**EXERCISE MATERIALS**
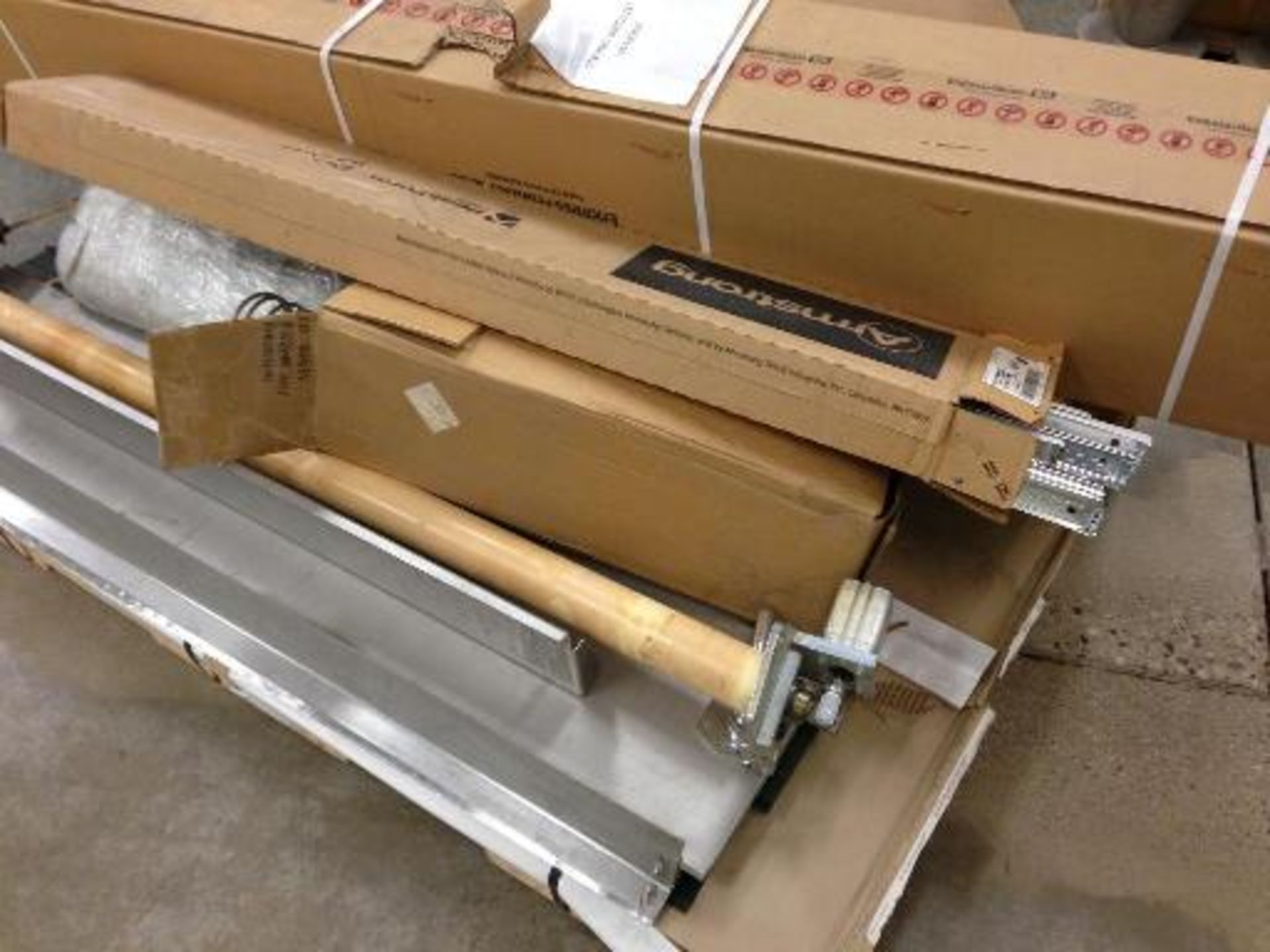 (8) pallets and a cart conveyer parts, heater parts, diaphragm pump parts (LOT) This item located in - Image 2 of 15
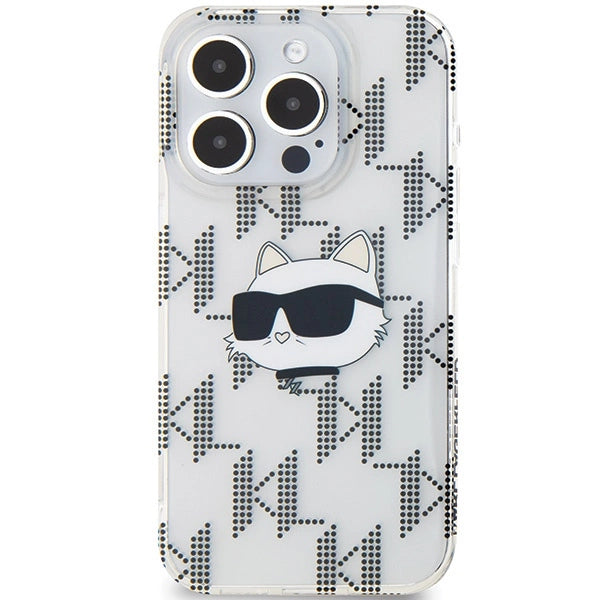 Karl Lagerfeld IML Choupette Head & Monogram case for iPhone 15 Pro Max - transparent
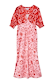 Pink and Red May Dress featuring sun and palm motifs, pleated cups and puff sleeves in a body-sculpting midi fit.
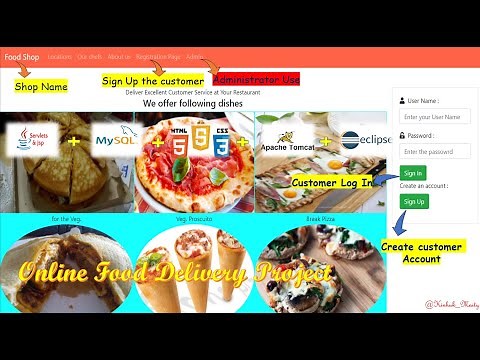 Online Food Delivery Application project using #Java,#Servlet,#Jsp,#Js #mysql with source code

* * *

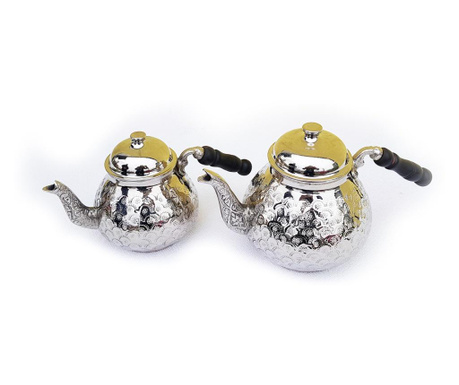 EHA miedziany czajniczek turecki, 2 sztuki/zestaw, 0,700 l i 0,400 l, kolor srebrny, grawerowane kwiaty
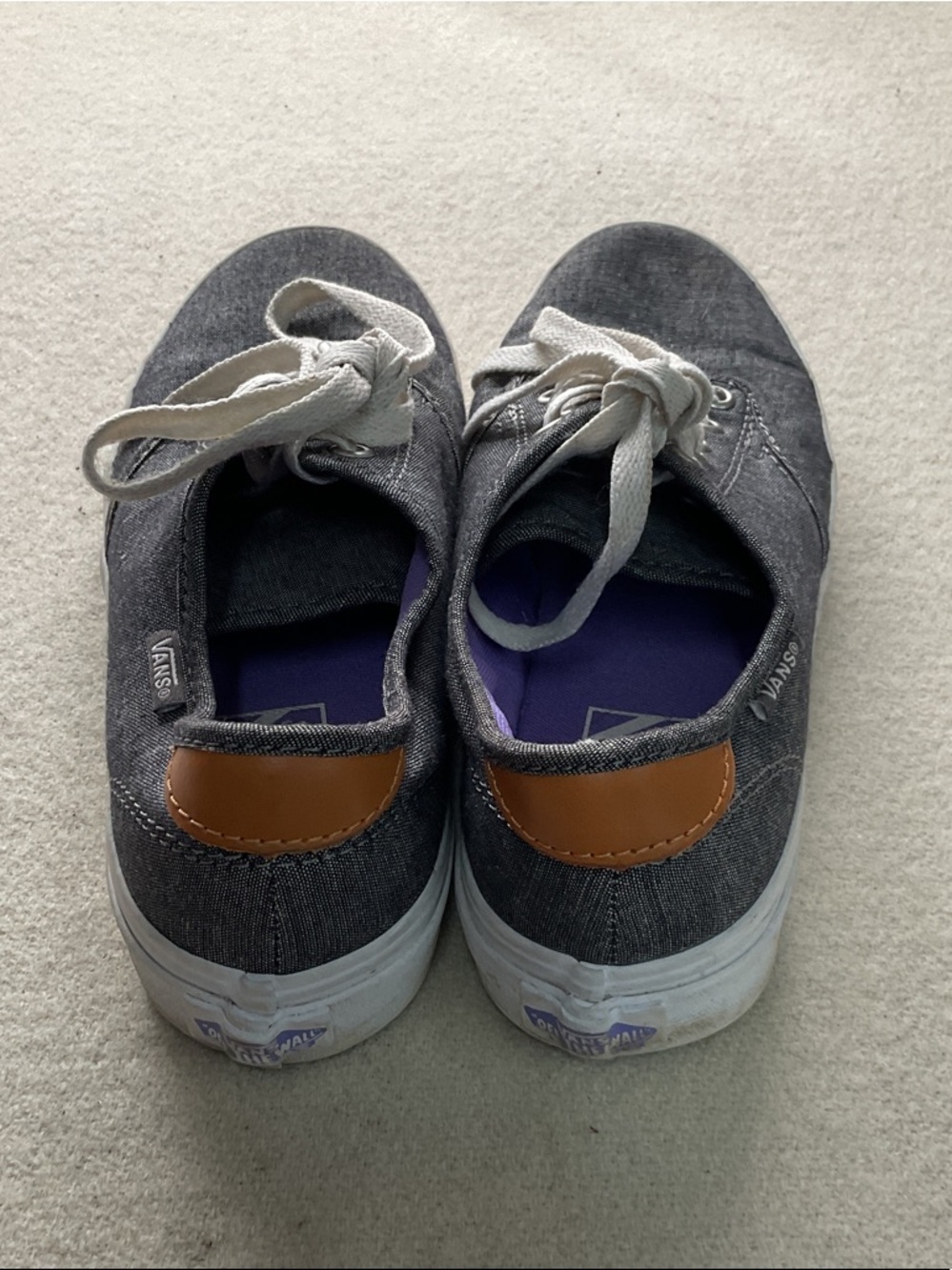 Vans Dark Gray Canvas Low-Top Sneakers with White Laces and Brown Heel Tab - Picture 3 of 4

**PROBLEM TO SOLVE**
Exercise for the records above: copy only the lines from the one with "EHA miedziany czajniczek" to the one with "Vans Dark Gray", both ends kept, and drop the pictures.

**EXERCISE RESPONSE**
 EHA miedziany czajniczek turecki, 2 sztuki/zestaw, 0,700 l i 0,400 l, kolor srebrny, grawerowane kwiaty
 Vans Dark Gray Canvas Low-Top Sneakers with White Laces and Brown Heel Tab - Picture 3 of 4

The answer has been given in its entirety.